На протяжении столетий ответ на этот вопрос был отрицательным. Однако примерно в то же время, когда произошло убийство Дженовезе, несколько экономистов-отступников занялись глубоким изучением этих вопросов. Главным среди них был Гэри Беккер, про которого мы уже рассказывали выше в предисловии к книге. Не желая ограничиваться вопросами оценки экономических вариантов действий людей, Беккер решил добавить в оценку чувства, лежащие в основе их решений.
Некоторые из наиболее интересных исследований Беккера были связаны с темой альтруизма. К примеру, он утверждал, что человек, преследующий исключительно личные интересы в сфере бизнеса, может проявлять альтруизм по отношению к своим близким, — однако Беккер (который все же оставался экономистом) делал оговорку, что даже в семейных отношениях альтруизм может содержать в себе стратегический элемент. Несколько лет спустя экономисты Дуг Бернхейм, Андрей Шлейфер и Ларри Саммерс смогли эмпирически подтвердить точку зрения Беккера. С помощью данных долгосрочного исследования, проводимого правительством США, они показали, что дети чаще посещают своего престарелого родителя в доме престарелых в том случае, если ожидают получения от него значительного наследства7.

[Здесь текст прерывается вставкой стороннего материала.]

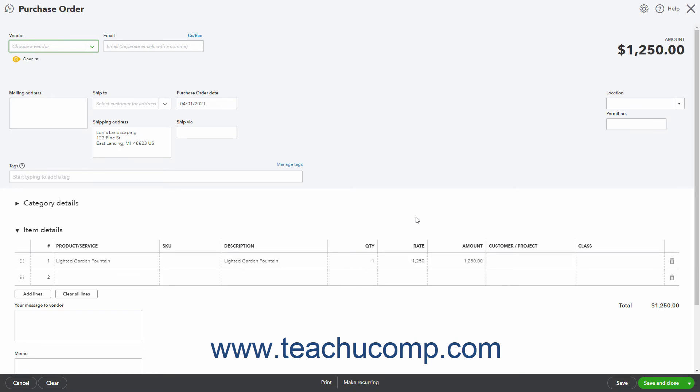To delete any items you do not need from this purchase order, click the trash can icon at the right end of the line items area. Then double-check each remaining line item's costing information to ensure its accuracy.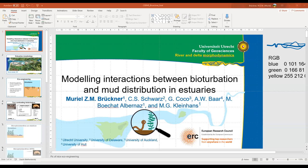Our next speaker is Muriel Bruckner. She is at Utrecht University and also works on estuaries, and her talk today will be on bioturbation and mud distribution in estuarine systems.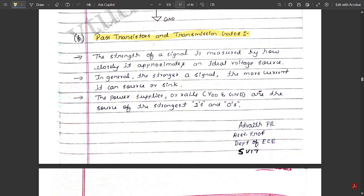First let us see pass transistors. The strength of a signal is measured by how closely it approximates an ideal voltage source. In general, the stronger a signal, the more current it can source or sink. Source or sink means either transmitting or receiving. The power supplies or rails — VDD or ground — are the source of the strongest logical ones or zeros according to the given pattern of the circuit.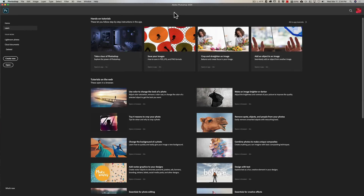Hey guys, this is Anthony Morganti, I am MrPhotographer.com. Recently I got into a bit of a heated discussion with someone because they were wondering why, when they sent an image, a raw file, from Lightroom into Photoshop, they weren't getting a raw file back.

Стоп, скажете вы: может быть, дело заключается в том, что представители младшего поколения богатых семей попросту больше заботятся о своих престарелых родителях?
Это возражение имеет рациональное зерно — и в этом случае стоило бы ожидать, что если в зажиточной семье лишь один ребенок, то он будет особенно заботлив. Однако данные показывают, что если в зажиточной или богатой семье есть всего лишь один выросший ребенок, то роста числа посещений не происходит; для этого необходимы как минимум двое. А это может означать, что дети часто приезжают к родителям вследствие конкуренции между собой за родительское наследство. То, что на первый взгляд воспринимается как обычный семейный альтруизм, на самом деле может представлять собой своеобразную форму заранее уплачиваемого налога на наследство.
Правительства некоторых стран, способные внимательно следить за изменениями в мире, сделали еще один шаг вперед и юридически обязали совершеннолетних детей посещать своих престарелых пап и мам и поддерживать их другими способами. В Сингапуре, например, принят специальный закон, известный как Акт о поддержке родителей (Maintenance of Parents Act).
Тем не менее люди часто кажутся чрезвычайно альтруистичными, причем не только по отношению к своей семье. Особенно щедры американцы, которые ежегодно жертвуют различным благотворительным организациям около 300 миллиардов долларов, что составляет больше двух процентов ВВП страны8. Вспомните хотя бы какое-нибудь недавнее землетрясение или ураган, унесшие жизни многих людей, и обратите внимание, насколько быстро группы «добрых самаритян» устремились туда, желая помочь как деньгами, так и своим временем. Но почему?
Экономисты традиционно предполагали, что типичный человек принимает рациональные решения, основанные на своих личных интересах. Так почему же этот рациональный субъект — которого принято называть
Основываясь на работах Гэри Беккера, новое поколение экономистов решило, что пришло время изучить роль альтруизма в мире в целом. Но как? Как мы можем отличить альтруистические действия от действий в личных интересах? К примеру, если вы помогаете соседу восстановить сгоревший амбар, то делаете вы это просто потому, что обладаете высоким уровнем морали, или потому, что чувствуете, что в один прекрасный день может сгореть и ваш собственный амбар? Когда щедрый спонсор переводит миллионы долларов университету, в котором учился, то чем вызваны его действия: стремлением помочь развитию науки или желанием увидеть свое имя выбитым на мемориальной табличке на стене университетского стадиона?
Разбираться в этих вещах крайне сложно. Отслеживать сами действия — или бездействия, как в случае с Китти Дженовезе, — довольно просто. Гораздо сложнее понимать намерения, стоящие за действиями.